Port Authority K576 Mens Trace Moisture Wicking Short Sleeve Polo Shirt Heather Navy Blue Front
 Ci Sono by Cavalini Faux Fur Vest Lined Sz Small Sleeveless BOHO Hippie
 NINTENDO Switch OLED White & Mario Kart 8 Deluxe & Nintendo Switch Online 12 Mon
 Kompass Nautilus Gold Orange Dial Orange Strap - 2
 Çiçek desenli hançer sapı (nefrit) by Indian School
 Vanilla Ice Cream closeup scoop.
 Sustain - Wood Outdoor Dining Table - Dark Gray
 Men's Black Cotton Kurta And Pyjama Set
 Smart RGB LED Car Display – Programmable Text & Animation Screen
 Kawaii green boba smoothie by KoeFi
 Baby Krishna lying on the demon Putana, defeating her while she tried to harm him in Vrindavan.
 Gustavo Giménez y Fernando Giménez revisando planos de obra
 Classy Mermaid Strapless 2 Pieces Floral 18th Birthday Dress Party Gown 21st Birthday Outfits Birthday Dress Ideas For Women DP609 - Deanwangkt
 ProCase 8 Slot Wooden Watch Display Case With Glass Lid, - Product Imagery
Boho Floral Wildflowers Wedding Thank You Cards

_ _ _ _ _

- [Work request]: Identify each line in the records above that contains the word "Display", and copy it out in full.

- [Answer below]:
 Smart RGB LED Car Display – Programmable Text & Animation Screen
 ProCase 8 Slot Wooden Watch Display Case With Glass Lid, - Product Imagery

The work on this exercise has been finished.